On September 10, 2018, Tencent AI Lab announced that it would open source the project “Tencent ML-images” at the end of September, which is composed of ML-images, a multi-label image data set, and ResNET-101, a deep residual network with the highest accuracy among similar deep learning models in the industry.
The open source of the project is a release of the basic capabilities accumulated by Tencent AI Lab in the field of computer vision. It provides sufficient high-quality training data and easy-to-use, high-performance deep learning models for researchers and engineers in the field of artificial intelligence, and promotes the common development of the artificial intelligence industry.
The image data set mL-images released by Tencent AI Lab this time contains 18 million Images and more than 11,000 common object categories. It is the largest public multi-label image data set in the industry and is enough to meet the use scenarios of general scientific research institutions and small and medium-sized enterprises. In addition, Tencent AI Lab will also provide resNET-101, a deep residual network trained based on ML-images. This model has excellent visual representation ability and generalization performance, and has the highest accuracy among similar models in the current industry. It will provide strong support for visual tasks including image and video, and help improve the technical level of image classification, object detection, object tracking, semantic segmentation and so on.
Deep learning technology, typically represented by deep neural network, has fully demonstrated its excellent ability in many fields, especially in the field of computer vision, including important tasks such as image and video classification, understanding and generation. However, in order to give full play to the visual representation ability of deep learning, it is necessary to build on sufficient high-quality training data, excellent model structure and model training methods, as well as powerful computing resources and other basic abilities.
Tech companies are taking ai infrastructure very seriously, building large image datasets that are only for their own use, such as Google’s JFT-300M and Facebook’s Instagram. However, these data sets and the models trained have not been made public. For general scientific research institutions and small and medium-sized enterprises, these ai basic capabilities have a very high threshold.
The largest multi-label image dataset currently available in the industry is Google’s Open Images, which contains 9 million training Images and more than 6,000 object categories. Tencent AI Lab’s open source ML-images data set includes 18 million training Images and more than 11,000 common object categories, which may become a new benchmark data set for the industry. In addition to data sets, Tencent AI Lab team will also introduce in detail in this open source project:
1) Construction method of large-scale multi-label image data set, including image source, image candidate category set, category semantic relationship and image annotation. During the construction of ML-images, the team made full use of the semantic relationship between categories to help accurately label Images.
2) Training method of deep neural network based on ML-images. The team’s well-designed loss function and training method can effectively suppress the negative effects of class imbalance on model training in large-scale multi-label datasets.
3) ResNET-101 model based on ML-images training has excellent visual representation ability and generalization performance. Through transfer learning, the model achieves a top-1 classification accuracy of 80.73% on ImageNet validation set, which exceeds the accuracy of Google’s similar model (transfer learning mode). Moreover, it is worth noting that the size of ML-images is only about 1/17 of JFT-300M. This fully demonstrates the high quality of ML-images and the effectiveness of training methods. Detailed comparison is shown in the following table.
The open source “Tencent ML-images” project of Tencent AI Lab shows Tencent’s efforts in artificial intelligence basic capacity building and its vision of promoting the common development of the industry through the opening of basic capacity.
The deep learning model of the “Tencent ML-Images” project has played an important role in a number of Tencent businesses, such as the image quality evaluation and recommendation function of “Tiantian Express”.
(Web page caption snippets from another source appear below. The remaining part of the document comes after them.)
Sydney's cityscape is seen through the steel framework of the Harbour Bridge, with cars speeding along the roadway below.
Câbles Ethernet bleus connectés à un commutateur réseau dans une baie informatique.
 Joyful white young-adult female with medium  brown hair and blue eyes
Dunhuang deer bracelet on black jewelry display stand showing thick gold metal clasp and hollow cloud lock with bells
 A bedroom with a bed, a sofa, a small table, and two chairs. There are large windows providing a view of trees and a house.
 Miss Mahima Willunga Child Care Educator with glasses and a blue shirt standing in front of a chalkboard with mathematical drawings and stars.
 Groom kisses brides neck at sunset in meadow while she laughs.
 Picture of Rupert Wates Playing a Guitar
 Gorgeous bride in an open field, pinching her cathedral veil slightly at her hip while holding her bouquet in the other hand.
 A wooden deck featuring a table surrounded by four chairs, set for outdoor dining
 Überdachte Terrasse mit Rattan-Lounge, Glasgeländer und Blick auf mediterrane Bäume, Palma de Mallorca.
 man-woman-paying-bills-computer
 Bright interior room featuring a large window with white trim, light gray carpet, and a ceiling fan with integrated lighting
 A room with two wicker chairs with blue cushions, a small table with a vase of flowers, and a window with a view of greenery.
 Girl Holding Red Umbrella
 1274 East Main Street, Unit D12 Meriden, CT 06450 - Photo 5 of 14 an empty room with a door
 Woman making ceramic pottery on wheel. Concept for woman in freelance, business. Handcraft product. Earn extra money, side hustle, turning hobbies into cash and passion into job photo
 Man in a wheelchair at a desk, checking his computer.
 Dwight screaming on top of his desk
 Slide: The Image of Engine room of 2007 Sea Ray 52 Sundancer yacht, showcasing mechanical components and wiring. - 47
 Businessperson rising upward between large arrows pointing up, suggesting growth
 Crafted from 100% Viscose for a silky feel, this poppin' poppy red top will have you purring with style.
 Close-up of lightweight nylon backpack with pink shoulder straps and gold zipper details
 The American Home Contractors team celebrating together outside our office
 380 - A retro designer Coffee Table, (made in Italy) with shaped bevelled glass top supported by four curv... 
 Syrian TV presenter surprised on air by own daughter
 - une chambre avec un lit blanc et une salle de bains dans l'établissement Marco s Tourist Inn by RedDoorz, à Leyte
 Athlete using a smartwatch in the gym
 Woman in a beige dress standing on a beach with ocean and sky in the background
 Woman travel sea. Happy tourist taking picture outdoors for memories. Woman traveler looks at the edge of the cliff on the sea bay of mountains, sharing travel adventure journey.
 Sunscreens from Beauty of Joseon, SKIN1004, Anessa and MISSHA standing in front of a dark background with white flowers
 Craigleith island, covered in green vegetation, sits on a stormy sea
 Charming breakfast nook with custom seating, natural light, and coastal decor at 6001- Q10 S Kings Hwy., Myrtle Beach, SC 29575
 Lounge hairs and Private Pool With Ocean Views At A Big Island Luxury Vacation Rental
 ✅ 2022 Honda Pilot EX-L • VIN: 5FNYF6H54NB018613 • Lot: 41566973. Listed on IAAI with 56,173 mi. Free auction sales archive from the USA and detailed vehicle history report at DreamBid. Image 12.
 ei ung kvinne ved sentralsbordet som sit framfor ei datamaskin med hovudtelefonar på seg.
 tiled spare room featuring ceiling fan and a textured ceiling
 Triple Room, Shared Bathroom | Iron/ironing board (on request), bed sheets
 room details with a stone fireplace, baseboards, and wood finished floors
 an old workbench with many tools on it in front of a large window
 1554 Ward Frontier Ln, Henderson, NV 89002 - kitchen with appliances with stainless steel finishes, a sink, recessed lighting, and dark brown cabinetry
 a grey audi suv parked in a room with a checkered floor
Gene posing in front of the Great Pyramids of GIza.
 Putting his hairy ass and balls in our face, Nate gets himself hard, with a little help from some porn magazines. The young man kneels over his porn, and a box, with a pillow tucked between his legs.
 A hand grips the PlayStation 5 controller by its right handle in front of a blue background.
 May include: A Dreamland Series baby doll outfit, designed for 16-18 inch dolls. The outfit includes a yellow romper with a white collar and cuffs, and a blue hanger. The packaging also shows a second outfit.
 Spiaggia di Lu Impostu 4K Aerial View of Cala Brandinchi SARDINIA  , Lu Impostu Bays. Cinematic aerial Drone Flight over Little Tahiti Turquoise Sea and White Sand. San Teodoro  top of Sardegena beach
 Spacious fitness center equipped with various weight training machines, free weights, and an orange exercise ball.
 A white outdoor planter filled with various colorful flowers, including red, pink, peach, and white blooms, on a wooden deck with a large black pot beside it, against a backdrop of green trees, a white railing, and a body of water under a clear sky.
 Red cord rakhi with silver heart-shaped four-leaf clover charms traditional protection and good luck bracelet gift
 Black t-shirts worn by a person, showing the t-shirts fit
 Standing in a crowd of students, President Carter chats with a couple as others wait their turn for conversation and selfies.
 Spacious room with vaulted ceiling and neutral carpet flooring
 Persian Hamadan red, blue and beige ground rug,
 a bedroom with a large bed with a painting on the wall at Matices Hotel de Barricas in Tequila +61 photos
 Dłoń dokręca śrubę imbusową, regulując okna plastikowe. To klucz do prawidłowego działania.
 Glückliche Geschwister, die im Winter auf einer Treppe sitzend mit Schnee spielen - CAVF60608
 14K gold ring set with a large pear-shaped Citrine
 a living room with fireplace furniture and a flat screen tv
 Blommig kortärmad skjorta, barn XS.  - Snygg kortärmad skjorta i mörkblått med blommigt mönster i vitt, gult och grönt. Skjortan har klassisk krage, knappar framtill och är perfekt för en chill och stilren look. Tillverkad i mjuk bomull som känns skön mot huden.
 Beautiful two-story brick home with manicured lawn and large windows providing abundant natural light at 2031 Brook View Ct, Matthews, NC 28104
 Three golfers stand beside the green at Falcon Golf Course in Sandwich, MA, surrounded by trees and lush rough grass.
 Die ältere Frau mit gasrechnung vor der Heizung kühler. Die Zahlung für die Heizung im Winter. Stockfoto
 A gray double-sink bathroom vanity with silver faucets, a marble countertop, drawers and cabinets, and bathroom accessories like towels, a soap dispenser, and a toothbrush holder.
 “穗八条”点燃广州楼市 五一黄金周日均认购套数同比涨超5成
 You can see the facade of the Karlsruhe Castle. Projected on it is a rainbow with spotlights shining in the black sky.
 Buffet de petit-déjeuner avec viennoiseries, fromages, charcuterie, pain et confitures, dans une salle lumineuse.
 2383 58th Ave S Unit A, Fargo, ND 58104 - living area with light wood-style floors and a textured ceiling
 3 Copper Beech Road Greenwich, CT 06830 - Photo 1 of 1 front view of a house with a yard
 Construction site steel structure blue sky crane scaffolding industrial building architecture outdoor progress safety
As shown in the figure below, the quality of the cover image of Tiantian Express news has been significantly improved.
Before and after optimization
In addition, Tencent AI Lab team also migrated the ResNET-101 model based on Tencent ML-images to many other visual tasks, including image object detection, image semantic segmentation, video object segmentation, video object tracking, etc. These visual transfer tasks further verify the strong visual representation capability and excellent generalization performance of the model. The “Tencent ML-images” project will play an important role in more visual-related products in the future.
On making for the first time since 2016, tencent released open source project (https://github.com/Tencent), which has accumulated open-source covering areas such as artificial intelligence, mobile development, small programs of 57 project. In order to further contribute to the open source community, Tencent has successively joined Hyperledger, LF Networking and Open Network Foundation, and become the primary founding member of LF Deep Learning Foundation and platinum member of Linux Foundation. As the embodiment of Tencent’s “open” strategy in the field of technology, Tencent Open Source will continue to promote technology research and development to share, reuse and open source, release Tencent’s RESEARCH and development strength to the outside, provide technical support for the domestic and foreign open source community, and inject research and development vitality.